Preuve des tensions sur le terrain, le ministre des Affaires étrangères Jean-Noël Barrot a condamné publiquement lundi les «intimidations» subies dimanche par le contingent français «de la part de soldats de l'armée israélienne» dans la zone de Naqoura, sur la côte sud du Liban. Des actes qualifiés d'«inacceptables» et d'«injustifiables» par les autorités françaises.

Au Sud-Liban, les Casques bleus français se répartissent entre plusieurs sites stratégiques:

  • La direction des opérations à Naqoura, où se trouve le quartier général de la Finul
  • Le camp fortifié de Dayr Kyfa, qui accueille le gros des troupes tricolores
  • Le camp de 6-41, installé face à Israël sur un promontoire rocheux près de Bin Jbeil, bastion du Hezbollah

Une mission de patrouille le long de la «blue line»

Au quotidien, la mission des Casques bleus français consiste à patrouiller le long de la «blue line», cette ligne de démarcation de 80 km entre le Sud-Liban et le nord d'Israël. Bien que ne constituant pas une frontière officielle, cette ligne sépare deux pays techniquement toujours en guerre, et c'est précisément dans cette zone que l'armée israélienne mène ses opérations.

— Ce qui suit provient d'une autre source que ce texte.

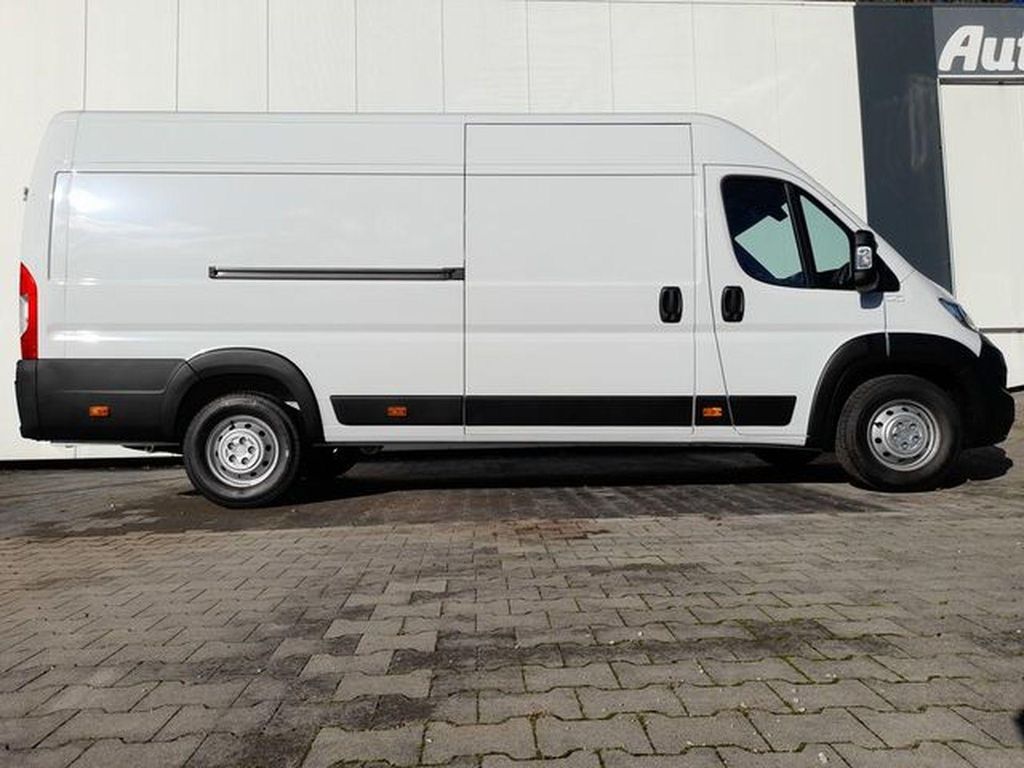 Opel Movano 2023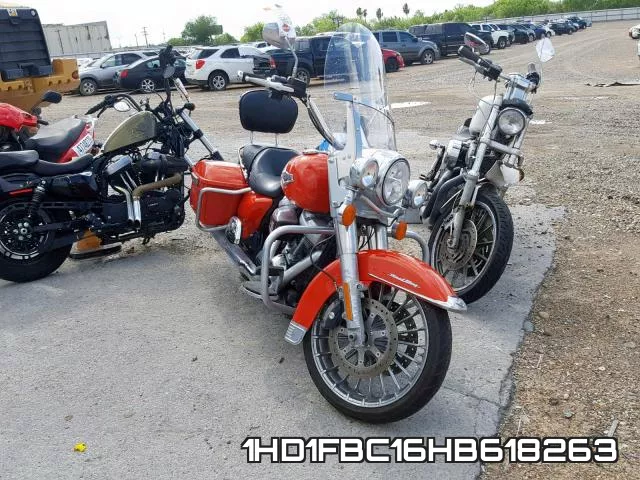 1HD1FBC16HB618263 2017 Harley-Davidson FLHR, Road King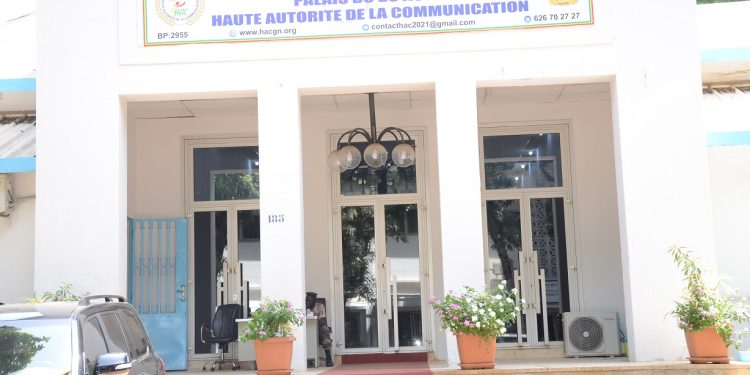 Brouillage d’ondes en Guinée : un premier responsable se fait officiellement connaître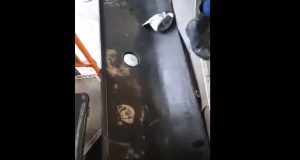 Târgu Mureș: Tavan de autobuz căzut peste doi pasageri!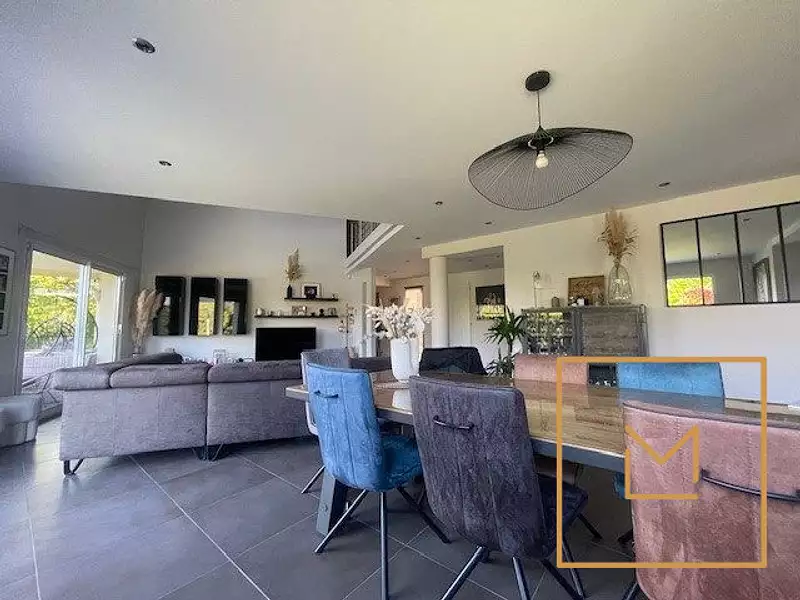 Maison, 190 m²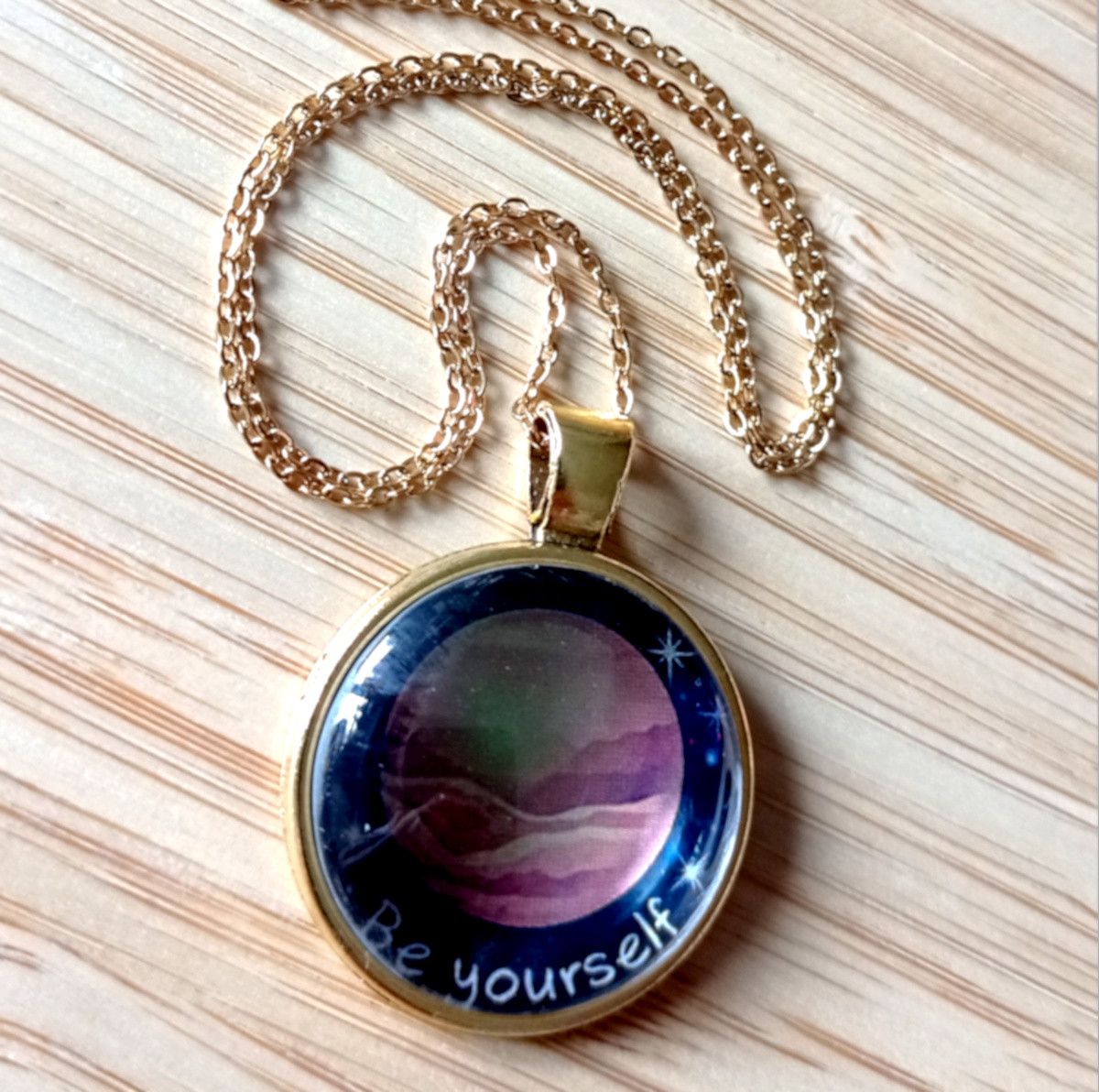 Hysteric Glamour × Japanese Brand × Vintage Punk Tiny Planet Mars Stainless Steel Gold Necklace Unique Size ONE SIZE - 1 Thumbnail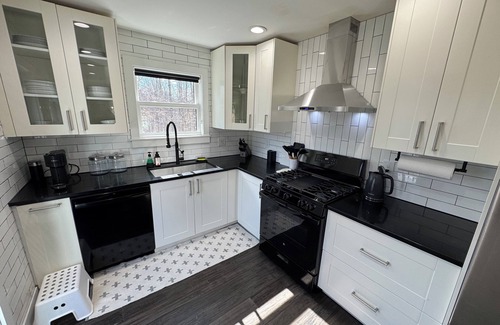 Manoa House | Spacious 4-bedroom house dual primary suites, updated, pets and kids friendly!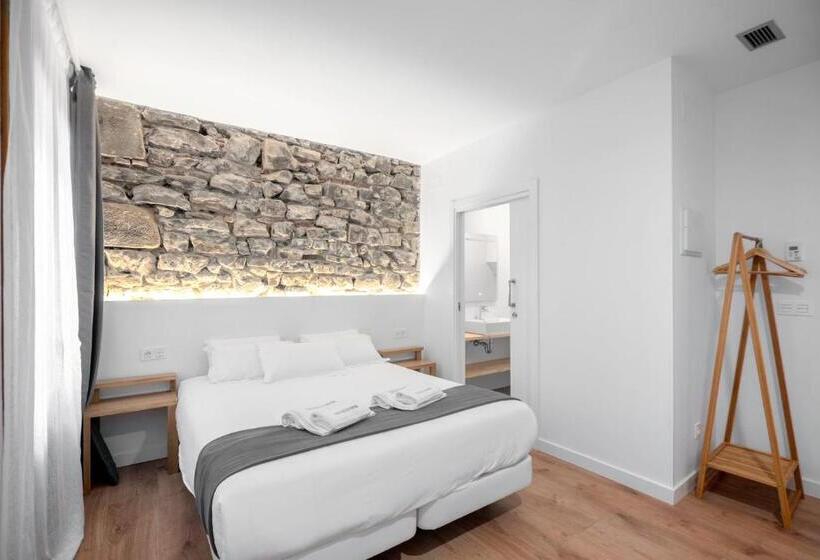 پانسیون 32 De Agostos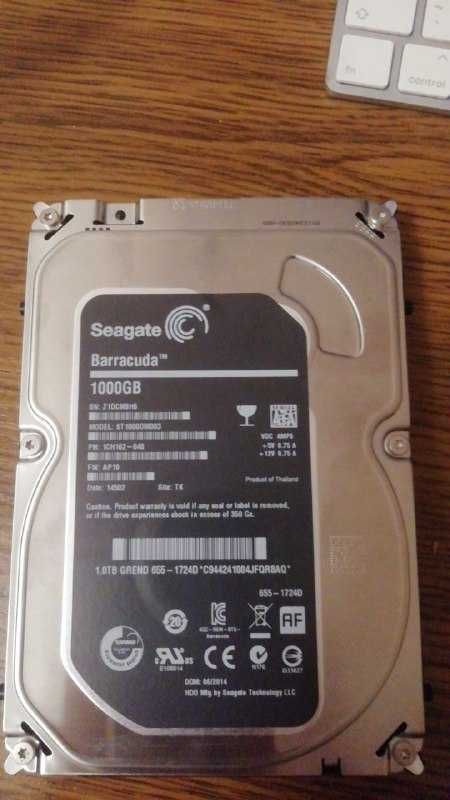 Apple, Seagate 1 Tb идеальное состояние, 3.5 SATA |||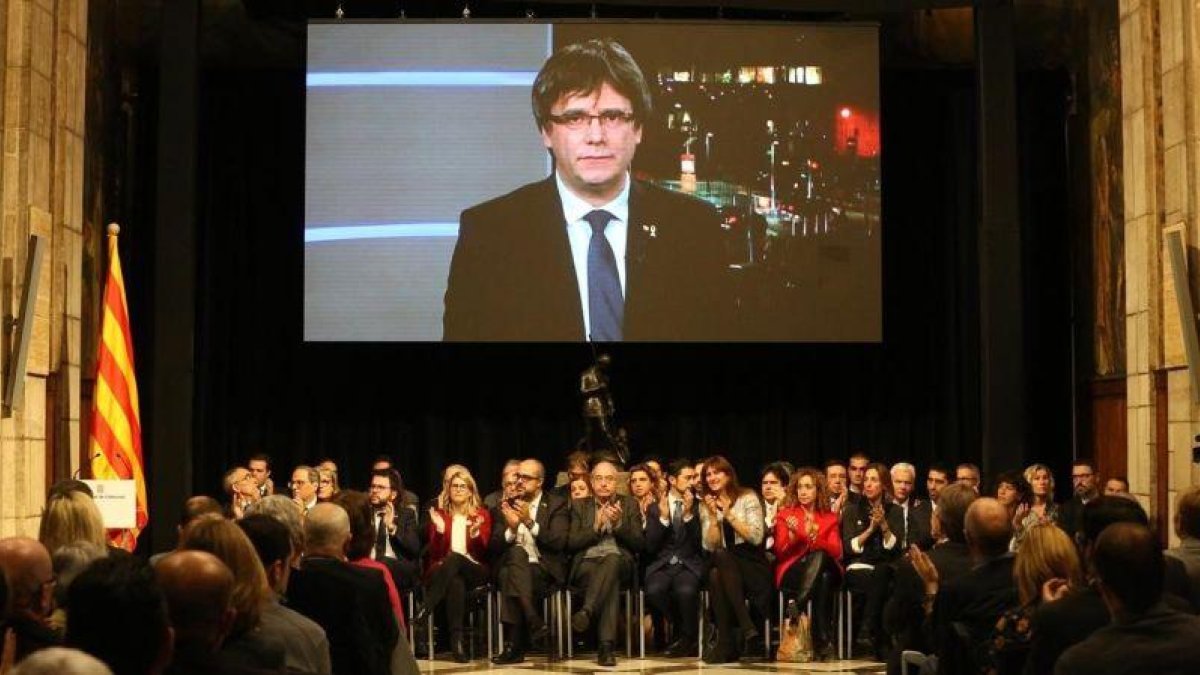 Carles Puigdemont interviene a través de videoconferencia en el acto de presentación del Consell per la República, en el Palau de la Generalitat.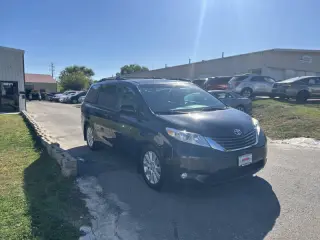 2014 Toyota Sienna XLE 7-Passenger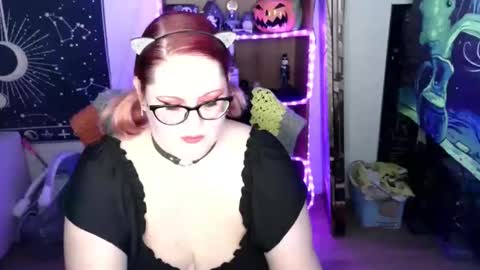 kinky_witch13 online show from March 18, 5:08 pm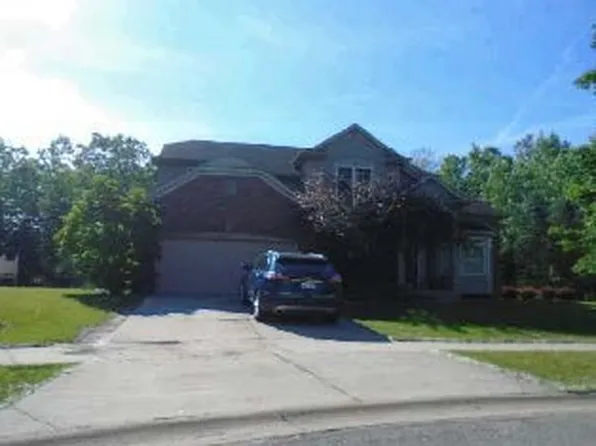5340 Burcham Dr, East Lansing, MI 48823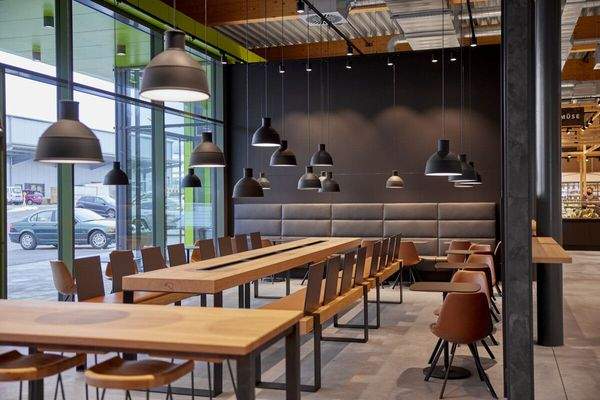 Einladender Gastraum mit modernem Design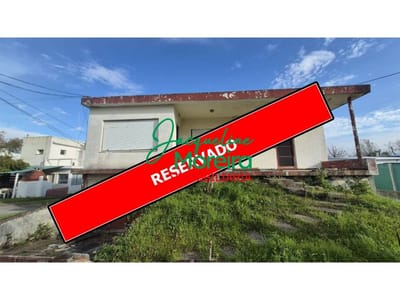 CASAS DEL CENTRO, OPORTUNIDAD DE INVERSION: 4 unidades de vivienda + 2 galpones Centro PIRIAPOLIS ideales renta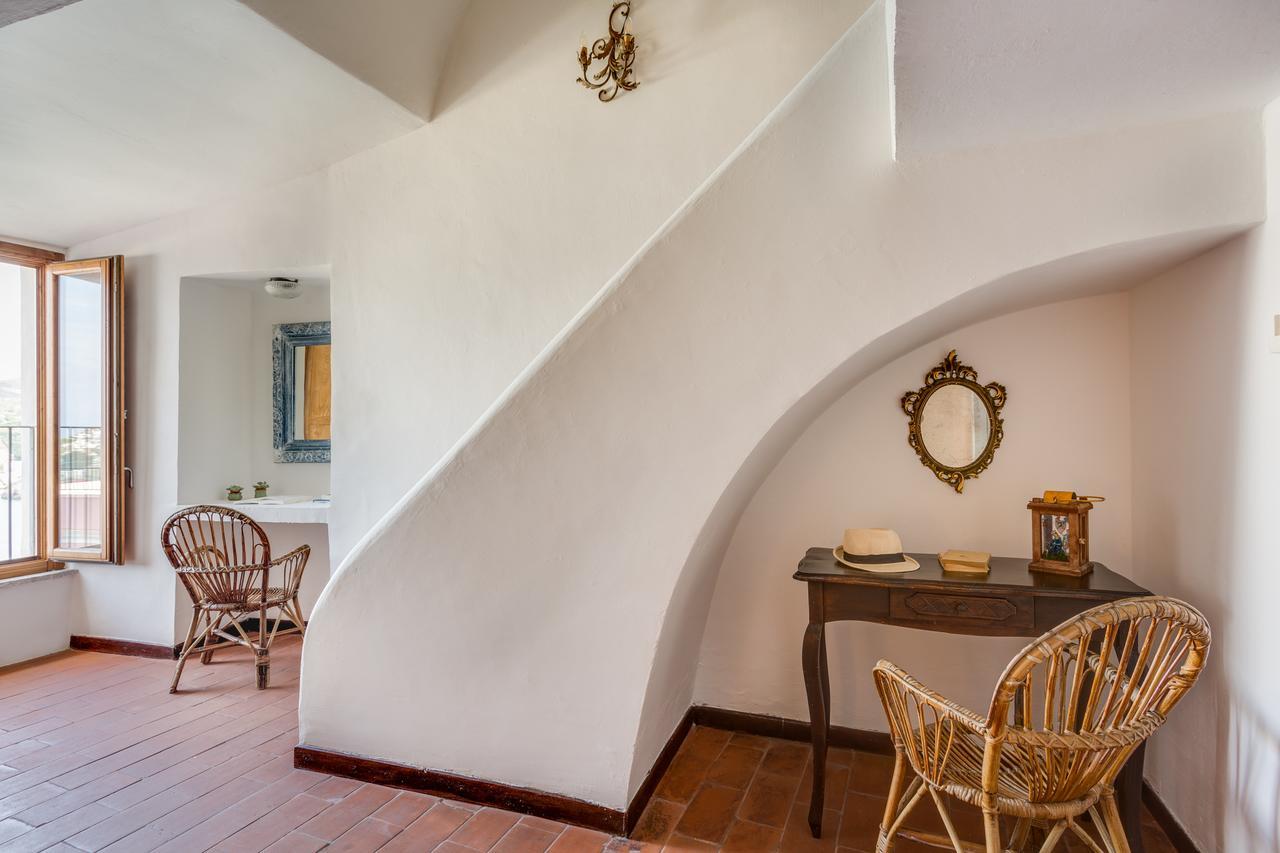 Hotel Torre Dei Borboni Ponza Eksteriør billede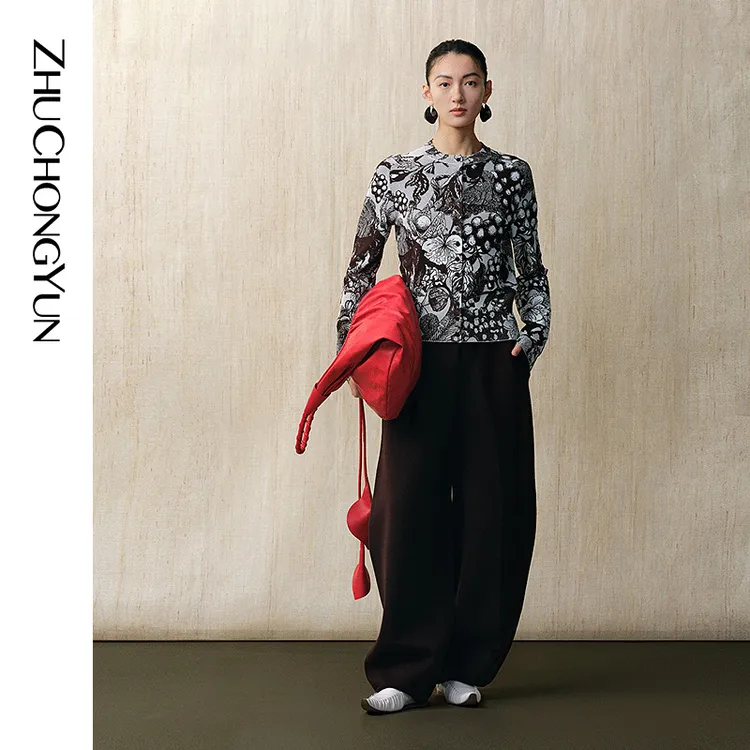 【生之绘卷】ZHUCHONGYUN2025春新款针织提花圆领上衣C1FZ1726M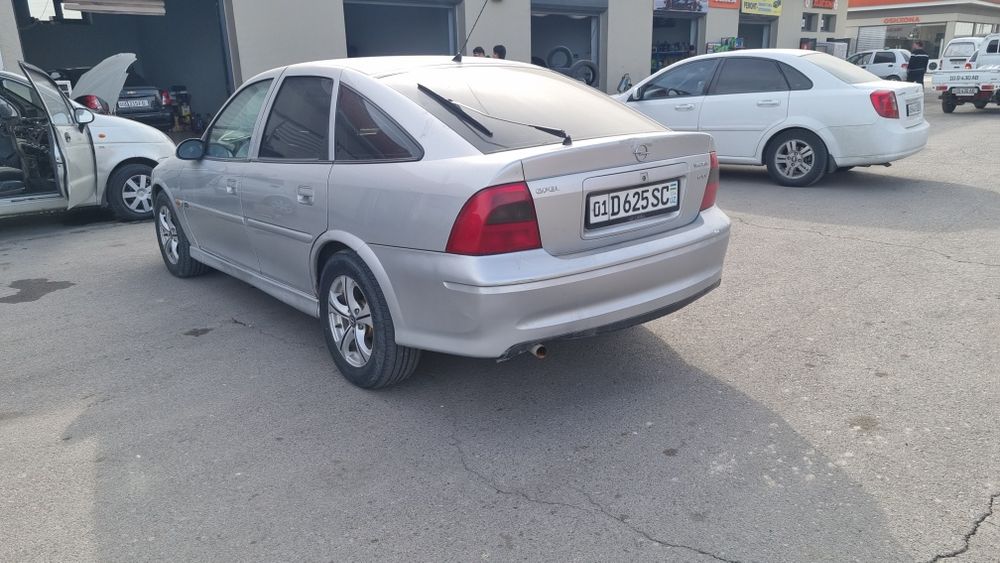 опель вектра б ..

Comme confirmé ce mardi matin au ministère des Armées, la priorité absolue face à cette escalade est d'assurer la sécurité des Casques bleus français. «Le premier sujet est de les protéger», explique-t-on à l'hôtel de Brienne. Si les patrouilles conjointes avec les forces armées libanaises ont été réduites, les soldats français continuent néanmoins d'appuyer certaines missions humanitaires.

L'avenir incertain de la mission Finul

Jeudi, la ministre des Armées Catherine Vautrin devrait s'entretenir avec ses homologues européens engagés dans la Finul. L'objectif sera de définir quel mandat les Casques bleus peuvent encore assurer dans ces conditions de tension extrême.

Cette question devient d'autant plus légitime qu'Israël a annoncé son intention d'occuper une partie du Sud-Liban à l'issue de ses opérations. Alors que la mission de la Finul doit théoriquement s'achever au 31 décembre 2026, après près de cinquante ans de présence, rien ne garantit qu'elle pourra aller à son terme dans le contexte actuel.

La France maintient son soutien au Liban

Malgré les tensions, la France continue de soutenir le Liban. Ce mardi à Beyrouth, en présence d'Alice Rufo, ministre déléguée auprès de la ministre des Armées, le Liban a réceptionné les 39 véhicules de l'avant blindé promis par Emmanuel Macron. Ce matériel militaire vise à soutenir l'action des forces armées libanaises, particulièrement dans les zones les plus dangereuses du pays.

Cette livraison d'équipement militaire intervient dans un contexte où la stabilité régionale est plus que jamais menacée par l'escalade des violences au Sud-Liban. La France maintient ainsi son engagement sur deux fronts: protéger ses soldats de la Finul tout en continuant à apporter un soutien concret aux autorités libanaises.